Data for the table is stored in a set of base files. New records, updates, and deletes are stored in delta files. A new set of delta files is created for each transaction (or in the case of streaming agents such as Flume or Storm, each batch of transactions) that alters a table. At read time the reader merges the base and delta files, applying any updates and deletes as it reads.
Subsequently, the major compaction merges the larger delta files and/or base file into another base file on periodic interval of time that would speed up the further table scan operation.
Inserted/updated/deleted data are periodically compacted to save space and optimize data access.

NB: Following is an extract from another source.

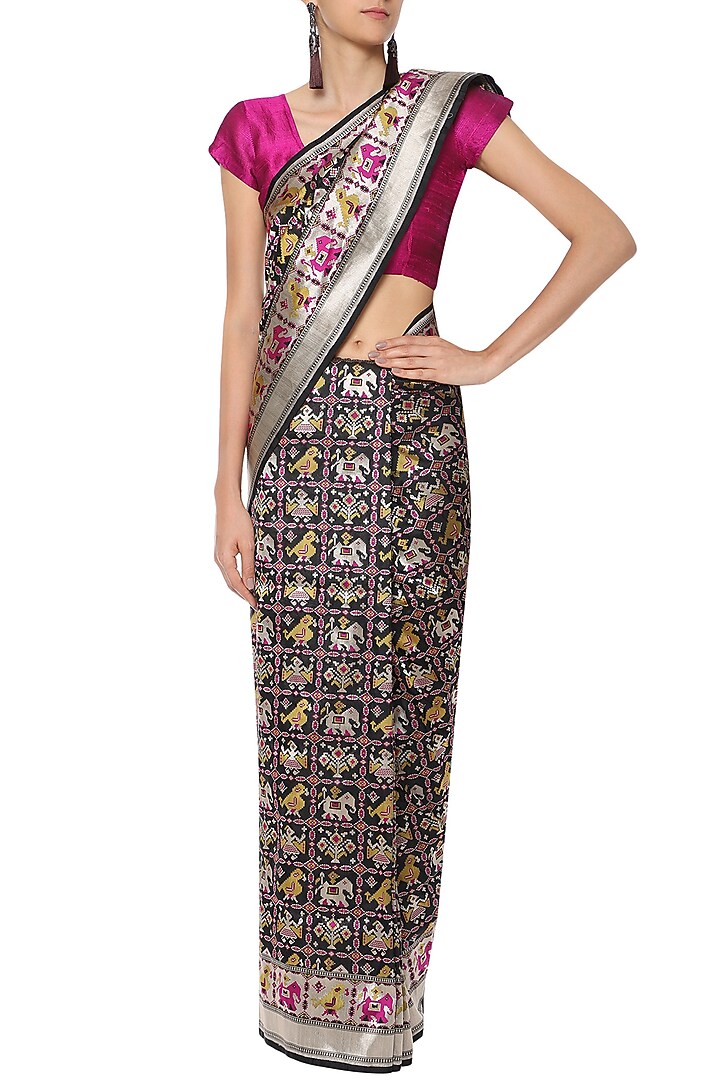 Black handwoven banarsi cutwork saree set available only at Pernia's Pop Up Shop.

The ACID Transaction feature currently has these limitations:
- It only works for ORC file. There is a JIRA in open source to add support for Parquet tables.
- It works only for non-sorted bucketed tables.
- INSERT OVERWRITE is not supported for transactions.
- It does not support for BEGIN, COMMIT, or ROLLBACK Transactions.
- It is not recommended for OLTP.
ACID doesn't support with AVRO file and HDFS block replacement policies are same for ACID tables too.
Below link can be more helpful to understand ACID tables in Hive.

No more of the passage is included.